------ Records provided ------

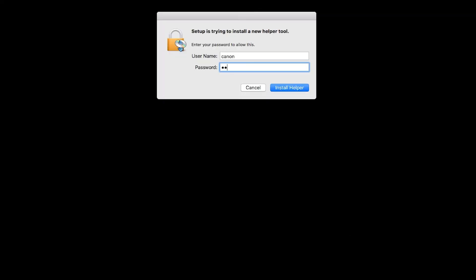When prompted, enter the administrator name and password you used to set up your Mac, and then click Install Helper.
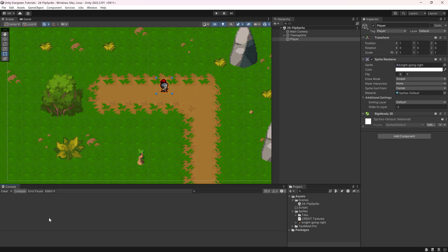Alright, we find ourselves back in Unity once more and in this short tutorial we're going to be taking a look at how you can flip a sprite.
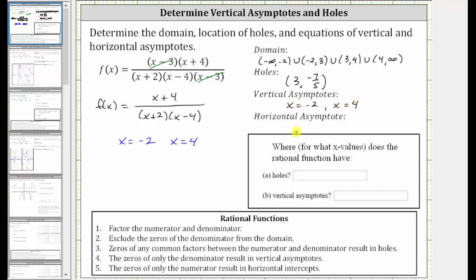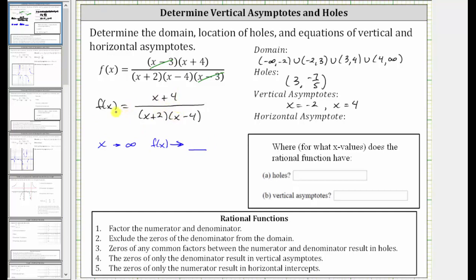The last part asks for the horizontal asymptote. To determine it, we need to find what function value we approach as x approaches infinity or negative infinity. We look at the degree of the numerator and denominator. The degree of the numerator is one, and the degree of the denominator is two. Since the denominator is increasing faster, the function values approach zero, so y equals zero is the horizontal asymptote.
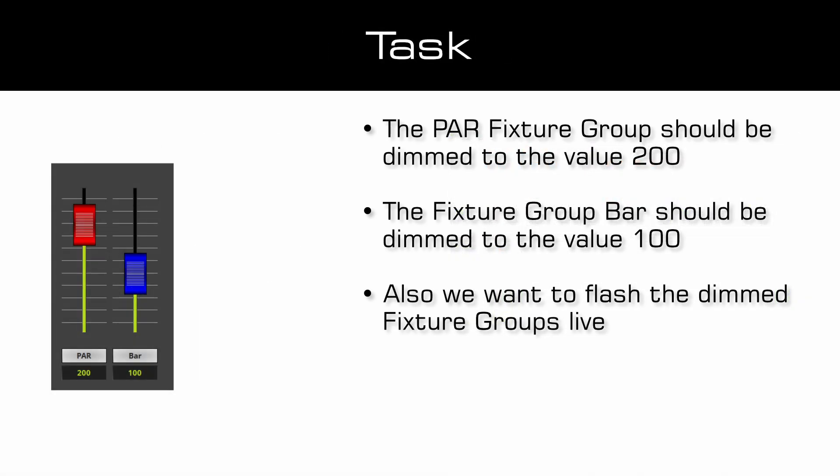As task we will change the values of the created fixture groups. The fixture group PAR should get the value 200 and the fixture group Bar should be dimmed to the value 100. Also we want to flash the dimmed fixture groups. Now let us start.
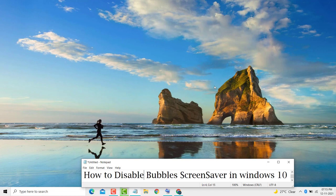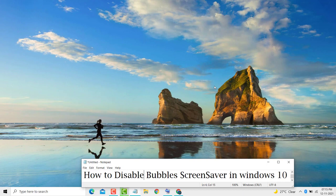Hello friends, today in this video I'm going to show you how to disable Bubbles screensaver in Windows 11 or 10. It's a very easy and simple method. In one or two steps we can learn how to disable Bubbles screensaver in Windows 10 or 11.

------

- [What is required]: The finished answer is an exact repetition of the listing, with every picture removed.

- [Output below]:
When prompted, enter the administrator name and password you used to set up your Mac, and then click Install Helper.
Alright, we find ourselves back in Unity once more and in this short tutorial we're going to be taking a look at how you can flip a sprite.
The last part asks for the horizontal asymptote. To determine it, we need to find what function value we approach as x approaches infinity or negative infinity. We look at the degree of the numerator and denominator. The degree of the numerator is one, and the degree of the denominator is two. Since the denominator is increasing faster, the function values approach zero, so y equals zero is the horizontal asymptote.
As task we will change the values of the created fixture groups. The fixture group PAR should get the value 200 and the fixture group Bar should be dimmed to the value 100. Also we want to flash the dimmed fixture groups. Now let us start.
Hello friends, today in this video I'm going to show you how to disable Bubbles screensaver in Windows 11 or 10. It's a very easy and simple method. In one or two steps we can learn how to disable Bubbles screensaver in Windows 10 or 11.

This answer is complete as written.